Under George W. Bush, the Department of Homeland Security began cooperating with local law enforcement agencies to increase detentions and deportations of undocumented people. The cooperation continued under Barack Obama, whose tenure saw more deportations than those of any of his predecessors (or of Trump). Though unlawful migration decreased drastically, the American debate around immigration grew only shriller. Trump used the charged atmosphere to stoke fears of Mexican rapists and Central American caravan invasions. He sent thousands of Border Patrol agents and National Guard troops to the border.
The Border Patrol’s Tucson sector — with over 3,600 agents — is one of the most heavily staffed.
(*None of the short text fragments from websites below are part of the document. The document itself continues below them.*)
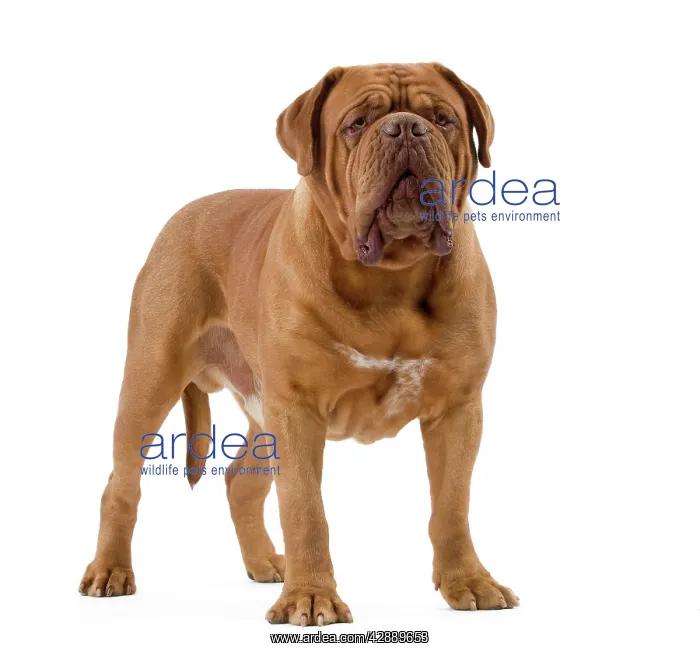 : Dog - Dogue de Bordeaux / Bordeaux Mastiff / French : Dog - Dogue de Bordeaux / Bordeaux Mastiff / French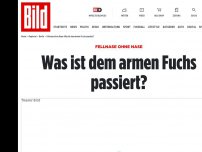 Bild zum Artikel: Fellnase ohne Nase - Armer, kleiner Fuchs. Was ist dir bloß passiert?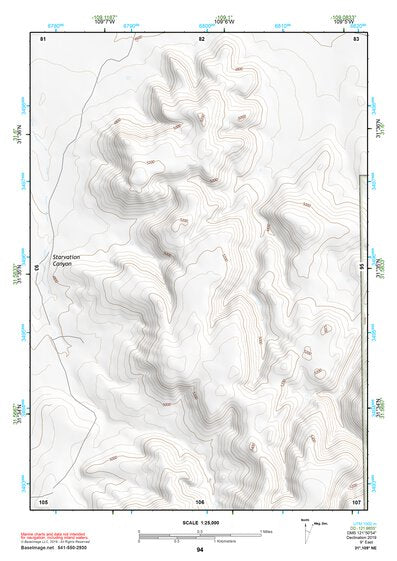 31109NE Page 94 Chiricahua Peak Topo Preview 1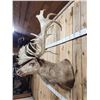 Image 6 : Double Shovel Caribou Shoulder Mount Taxidermy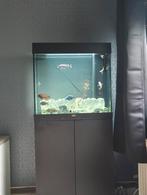 Juwel 120 L met vissen, Enlèvement ou Envoi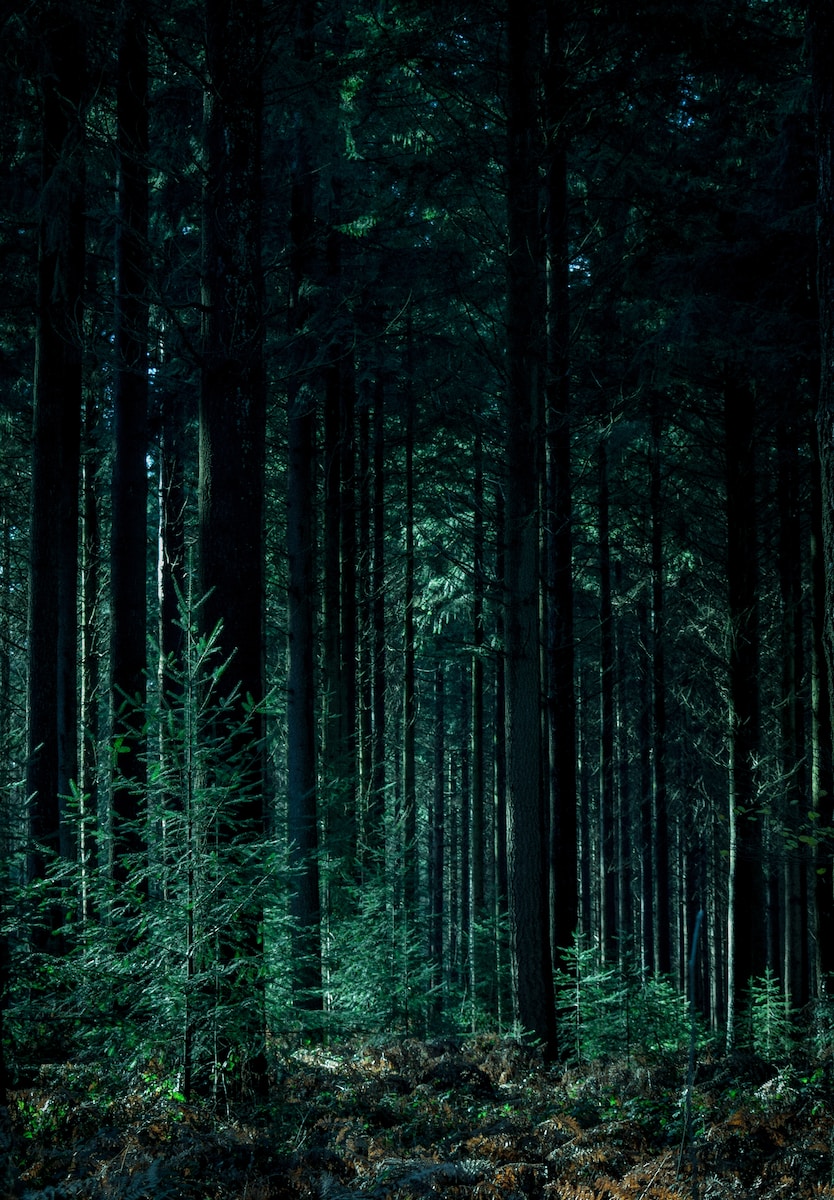 landscape photography of forest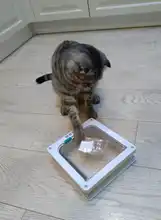 Pet-Gate Door-Kit Flap-Door Security-Lock Dog Cat Abs-Plastic Kitten with 4-Way for Small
While that seems like a lot, Vasavilbaso and Hernandez told me that I had to consider the size of the sector: 262 miles of border, 90,530 square miles. But the last two decades have seen a proliferation of “tactical infrastructure,” as it’s known: not just the new vehicle barriers and pedestrian fencing that have been erected along much of the Arizona borderline but also unmanned aircraft, motion sensors buried in the ground and, one of the latest innovations, towers equipped with some combination of high-definition cameras, night vision, thermal-imaging sensors and radar. The result is what the Department of Homeland Security calls “wide-area persistent surveillance.”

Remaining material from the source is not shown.